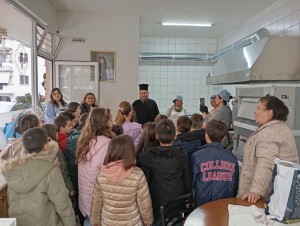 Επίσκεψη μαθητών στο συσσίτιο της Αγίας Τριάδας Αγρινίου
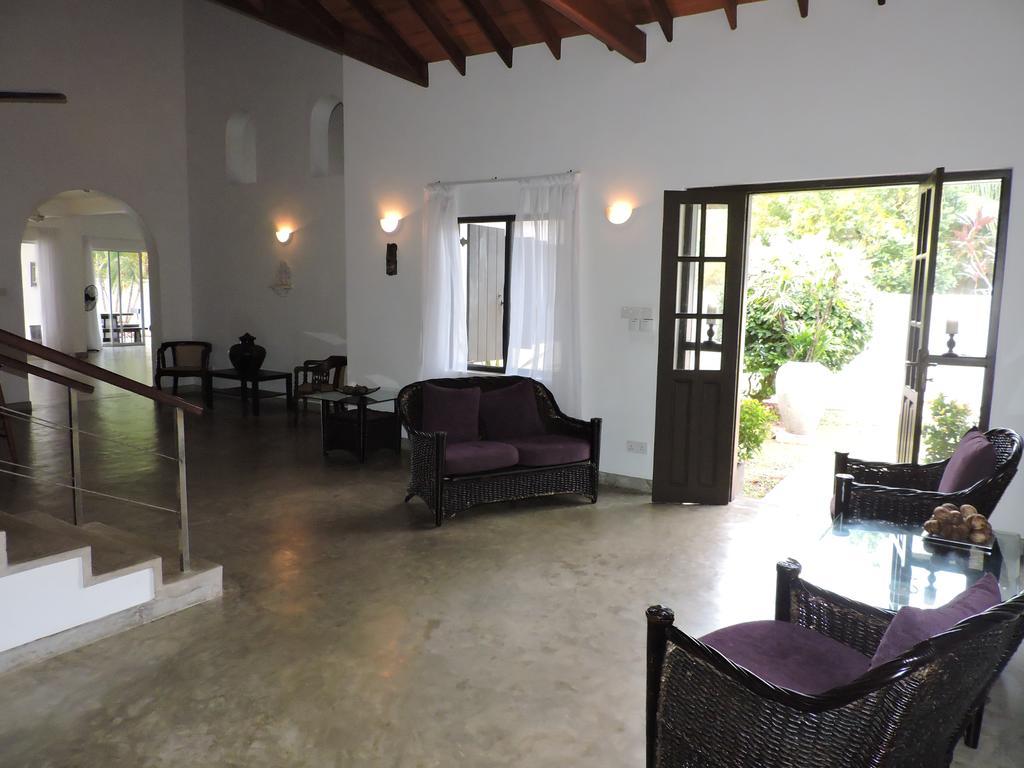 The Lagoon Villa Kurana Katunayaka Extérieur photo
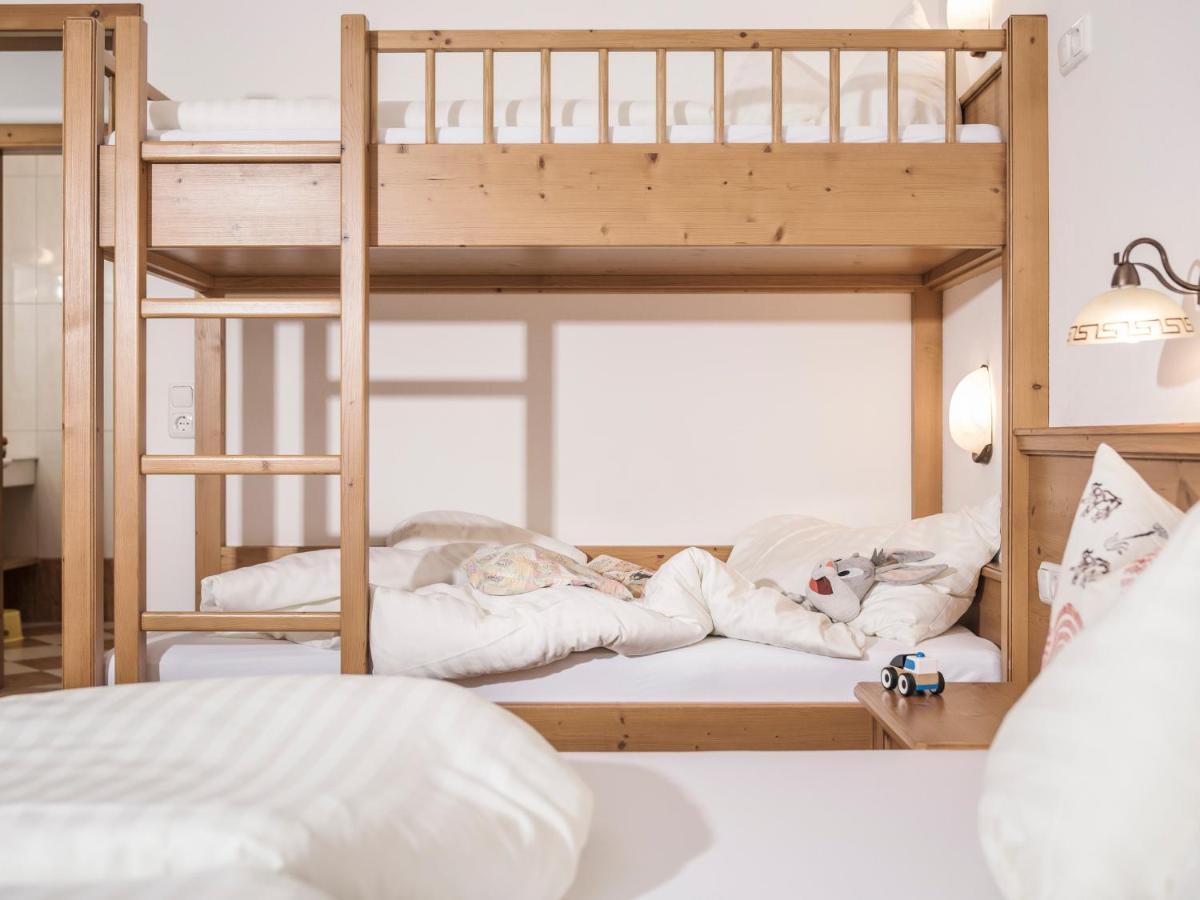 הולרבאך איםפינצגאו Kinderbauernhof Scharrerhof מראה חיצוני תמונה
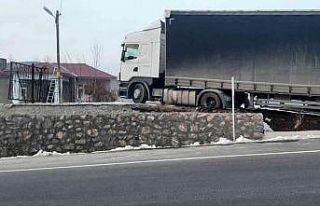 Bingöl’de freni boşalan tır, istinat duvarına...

__Work instructions__
Everything in the listing should be repeated exactly except the pictures.

__Reply__
 Επίσκεψη μαθητών στο συσσίτιο της Αγίας Τριάδας Αγρινίου
 The Lagoon Villa Kurana Katunayaka Extérieur photo
 הולרבאך איםפינצגאו Kinderbauernhof Scharrerhof מראה חיצוני תמונה
 Bingöl’de freni boşalan tır, istinat duvarına...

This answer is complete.